もっと楽にもっと穏やかに生きていけるようになるために、役立つ一冊。
「より豊かに所有することを最高価値にして生きているかぎりは、最後は不幸のどん底で死ななくてはならない。だって『私とは、私が持っているものである』という考え方でずっと生きてきた人が、最後は何も持てなくなるので、価値ゼロで死んでいかなければならないわけでしょう。死が近づくにつれて苦しみは増すばかりです。」(p41)
「人間の力の出方、能力の発揮の仕方は、それがどこまで自発的かであるかということにかかわってくると思う。」(p80)

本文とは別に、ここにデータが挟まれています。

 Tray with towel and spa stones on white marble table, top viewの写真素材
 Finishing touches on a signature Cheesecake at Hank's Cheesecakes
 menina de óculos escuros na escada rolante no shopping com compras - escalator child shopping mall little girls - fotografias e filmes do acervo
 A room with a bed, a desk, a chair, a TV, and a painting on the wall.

「たとえば、貧乏が自分を苦しめていると僕らは普通思うけれど、実は貧乏を苦しいと思う心が貧乏を作って、その作り出した貧乏を自分で苦しんでいる。みんな自分のありようと関係があるわけですよ。こういうのが縁起です。」(p96)
座禅は死ぬシミュレーション 「澤木興道老師は『坐禅というのはお母さんの体内にもう一度入るか、棺桶に入って、あらためて人生を考え直すようなものだ』と言っています。」(p157)
「たとえば坐禅していれば結果的に自律神経のバランスは調うけれど、自律神経のバランスを調えるためにそれに特化してやったら、もうそれは坐禅ではない。坐禅したらこういういいことが起きるだろうという先入観や期待を坐禅に持ち込むのは、坐禅からもっとも遠い態度です。瞑想もマインドフルネスも、人間の役に立つなら、どんどんやればいいと思います。けっこうなことですよ。でもそれは仏教の立場とは違う世俗、世間の立場。仏教はやっぱり出世間の立場ですから、人間というかわれわれ凡夫を喜ばせるためにあるのではない。」(p201-202)

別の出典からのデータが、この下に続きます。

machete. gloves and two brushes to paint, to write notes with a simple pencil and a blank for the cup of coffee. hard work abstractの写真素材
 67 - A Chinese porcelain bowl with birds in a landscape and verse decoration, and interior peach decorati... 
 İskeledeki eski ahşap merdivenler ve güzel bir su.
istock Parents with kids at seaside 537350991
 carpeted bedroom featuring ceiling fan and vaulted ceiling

では、何のためにあるのか。 「人間をやめるためですよ。凡夫が仏に成るというのが仏教の教えですが、凡夫の延長線上に仏はないので、凡夫をやめることを助けてくれる、そういう意味で仏教が人間の役に立つと言うのなら、ものすごく役に立ちます。」(p202)

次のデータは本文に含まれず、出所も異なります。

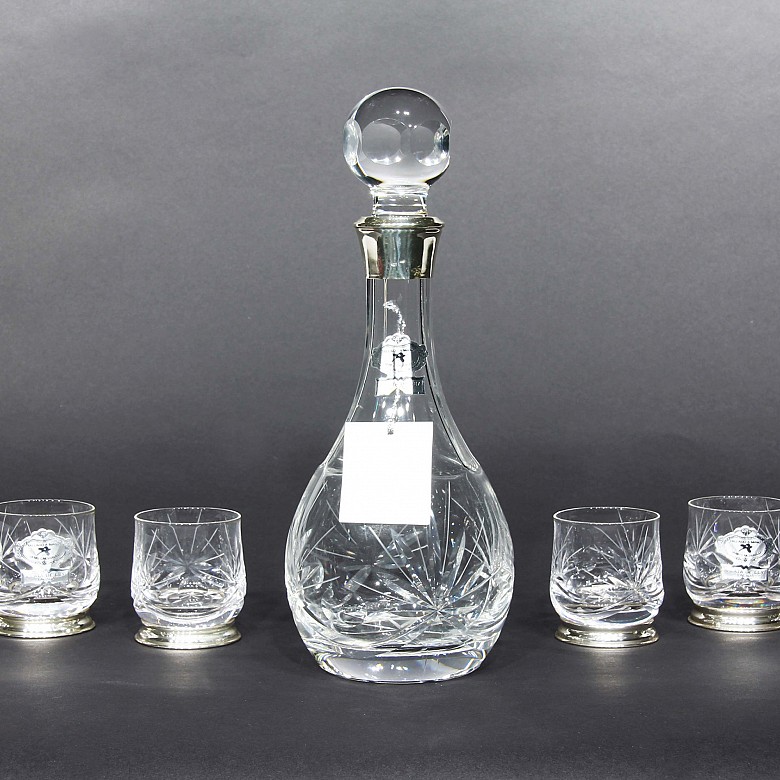 Set of decanter with six glass and silver glasses.
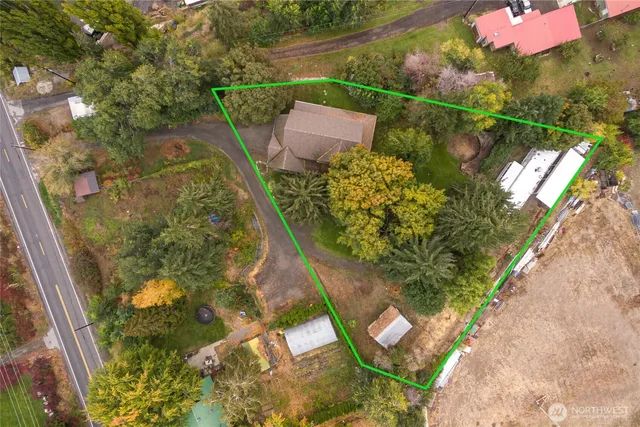 an aerial view of a house with a yard and lake view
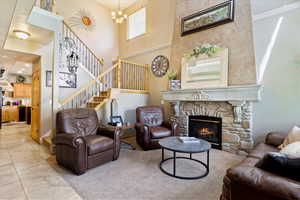 Living room with a chandelier, stairs, a fireplace, and a towering ceiling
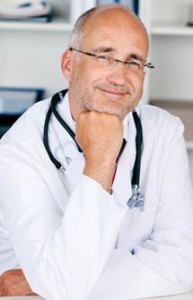 smiling-doctor-with-chin-on-hand-s-710400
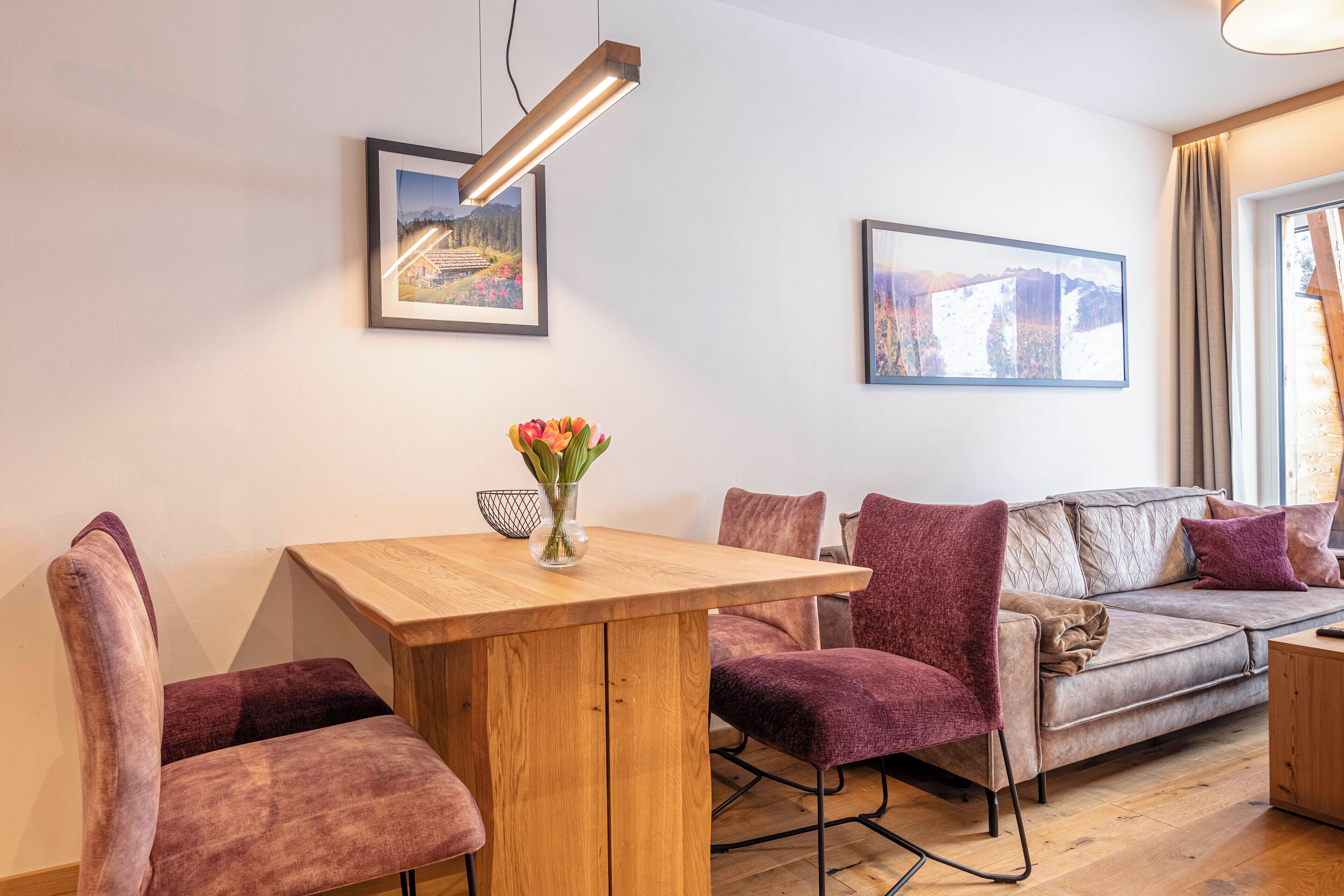 Una sala moderna con una mesa de comedor de madera, sillas tapizadas en color morado, un sofá con cojines y dos cuadros enmarcados en la pared.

成功している人は、なぜ神社に行くのか? 「ものへの感謝の言葉が、ものに神様を招き入れる祝詞になる」(p52)
「『祈りの集合体』が神様の正体」(p53)
「『けがれ』とは『汚れ』ではなく、『気枯れ』。 心の深いところで気力がなえて元気のない状態です。」(p128)
「ものの価値は、関わる人々の祈りの質で決まる、と僕はとらえています。(略) どれだけそのものを大事にあつかうのかで決まるわけですね。」(p197)
神社の神職が行う業務は、掃除と結界。 「その目的は、神様が神社に降り立てるよう『場のエネルギーを整える』ことです。」(p215)
人間をやめるため。
なるほど、と思いつつ、今日も座ります。